Because of that, Shesol added, Trump is "unable to say — or say honestly or credibly — any of the obvious things that a president would say in a moment like this."
Even as he called for national unity on Wednesday, the day that most of the mail bombs were discovered, Trump took a direct shot at the media and condemned Democrats in thinly veiled terms.
The media have "a responsibility to set a civil tone and to stop the endlessly hostility and constant negative and often times false attacks and stories," he said at a campaign rally in Wisconsin. "No one should carelessly compare political opponents to historical villains, which is done often, all the time, got to stop, we should not mob people in public spaces or destroy public property. ... We must accept the verdicts of elections and remember America's greatest achievements have always been those achievements we embark on together."
Trump showed some inclination to control himself during his Wednesday rally — notably omitting many of his toughest standard attacks on individual Democrats that night, he repeatedly noted how well he was behaving — but has so far demonstrated no desire, and perhaps no ability, to rein in his supporters.
Many of those supporters don't just want Trump to blister his adversaries — they demand it.
During an event with young black conservatives at the White House Friday, someone in the audience yelled "Soros" — an apparent reference to liberal activist and donor George Soros, who received one of the pipe bombs — and then "lock them up."
At the Wednesday rally, even as Trump was calling for national unity, some in his audience yelled "CNN sucks!"

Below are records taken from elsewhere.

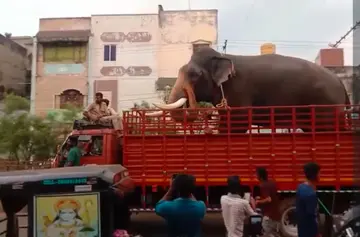 elephants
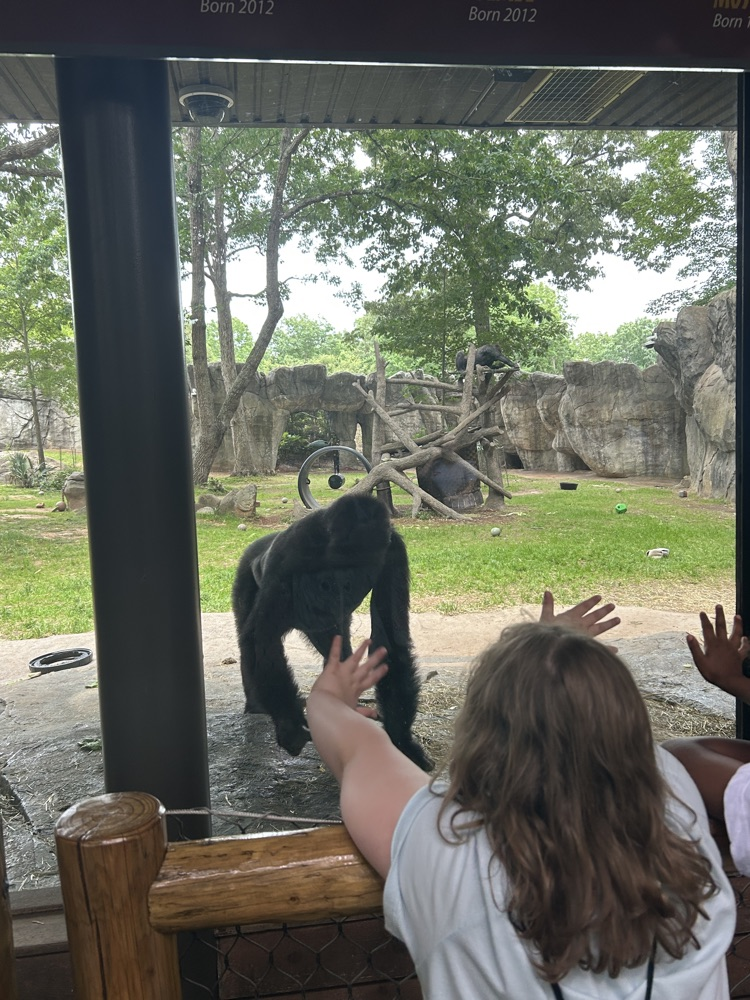 Looking at animals. 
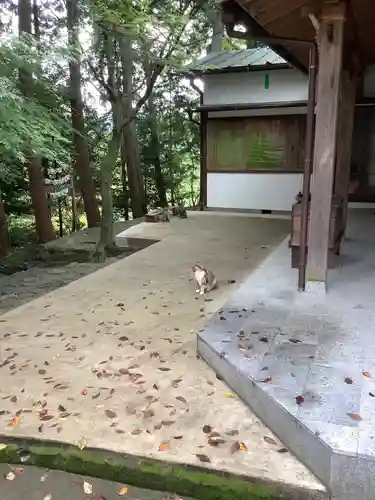 玉野御嶽神社の動物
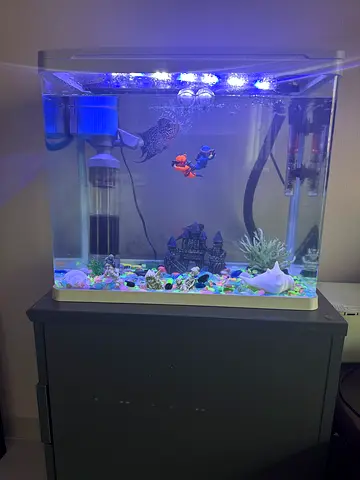 60L Aquarium Tank with LED Light and Filter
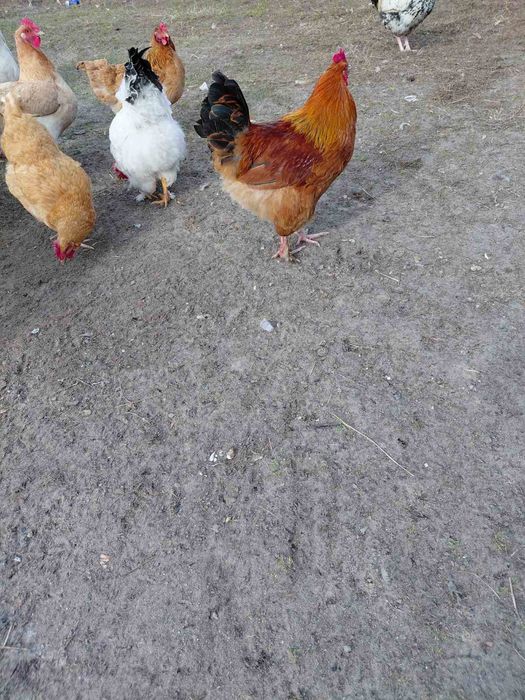 Продам молодих півників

Mary Kate Cary, who served as a speechwriter for President George H.W. Bush, said it's understandable that Trump wants to push buttons with his voters so that they will show up to support GOP candidates.
"This close to the midterms, obviously, we've moved to mobilizing," she said. "Clearly the goal at this point is not to change minds, but to rile up supporters so that they get off the couch and vote."
But she would like to see him do it in a way that reflects the traditions of his office.
"Despite all his tweets and inflammatory comments at rallies — which I certainly disapprove of and wish would stop — any time President Trump calls for civility, restraint and avoiding violence, I'm all for it," she said.
The biggest question for presidential observers over the next 11 days isn't whether Trump can find the balance between the two approaches. It's whether he's going to try.